November 29, 2017, 4:30 pm EST
The adoration for Bitcoin has been growing by the day, though no one understands how to value it.
CNBC went on “watch” the other day for Bitcoin $10,000. Today it traded above $11,000 and then fell as much as 21% from the highs.
Here’s a look at the chart.
Remember, gold went on a tear from sub-$700 to above $1,900 following the onset of global QE (led by the Fed). Gold ran up as high as 182%. That was pricing in 41% annualized inflation at one point (as a dollar for dollar hedge). Of course, inflation didn’t comply. Still, nine years after the Fed’s first round of QE and massive global responses, we’ve been able to muster just a little better than 1% annualized inflation. So gold is a speculative trade. It’s a fear trade. And it’s volatile.

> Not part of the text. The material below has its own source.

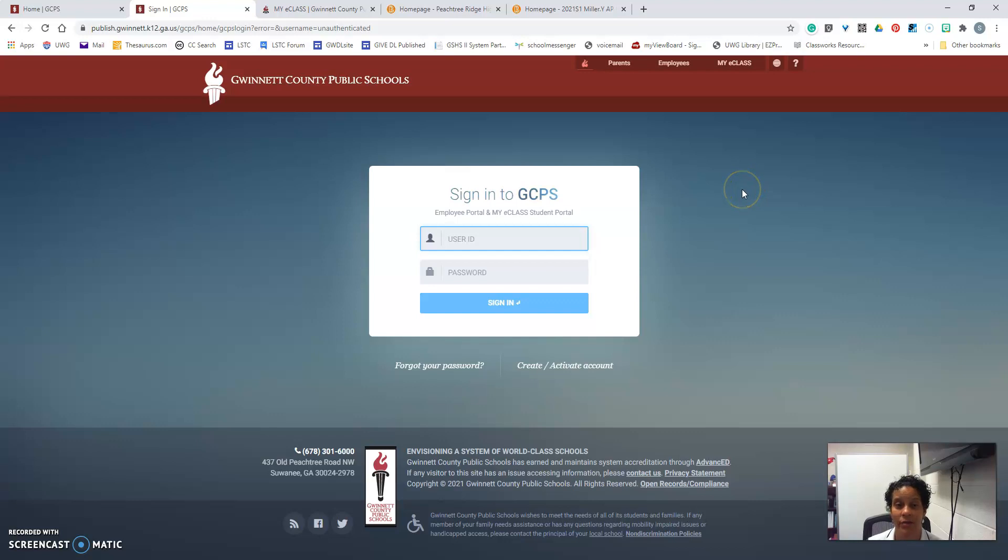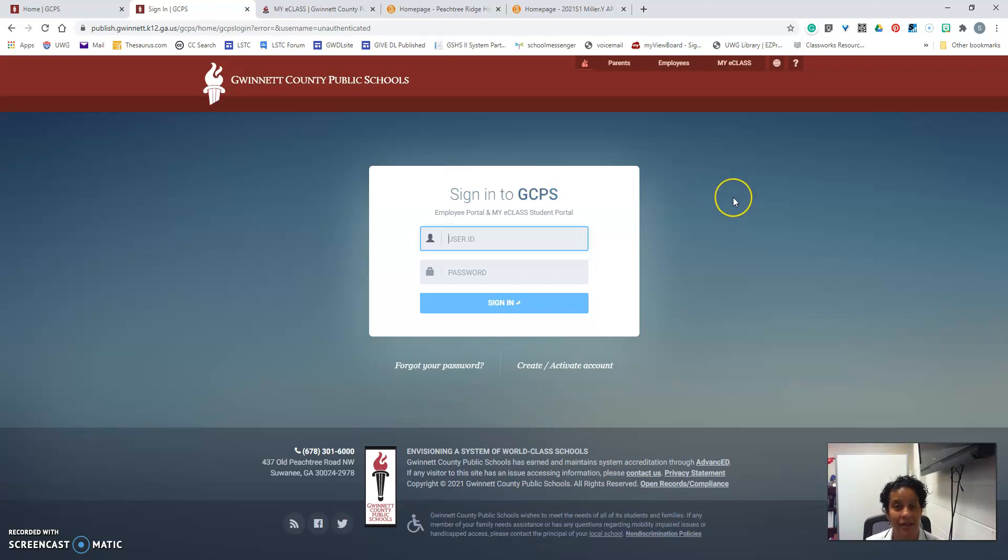if you have not already reset your password for this school year, you will enter your student number and the password will be your student number again and this will prompt you to set a new password for the 2020-2021 school year.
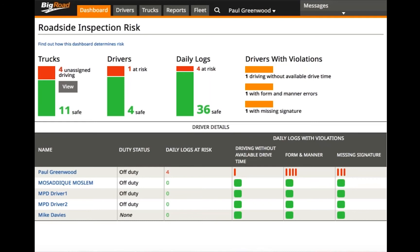We recommend just starting off with just a few trucks in order to get used to it on a small scale first. It's also important to note that you can only enable this feature if you have administrator rights within the BigRoad account.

If you bought gold at the top in 2011, the value of your “investment” was cut in half just four years later. That’s a lot of risk to take for the prospect of “hedging” against the loss of purchasing power in the paper money in your wallet.
Now, Bitcoin is becoming a pretty polarizing “asset class.” The gold bugs get very emotional if you argue against the value of owning gold. Those that own Bitcoin seem to have a similar reaction. But Bitcoin, like gold, is a tough one to value. You buy it because you hope someone is going to buy it from you at a higher price.
So is Bitcoin (cryptocurrencies) an investment? Sophisticated investors that are involved, likely see it as similar investment to a startup. It has traction. It has a lot of risks. It could go to zero. Or it could pay them multiples of what they pay for it. But they thrive on diversification. When they have a large portfolio of these types of bets, when a few payoff, they put up nice returns. Bitcoin may be one of the few, or it may not.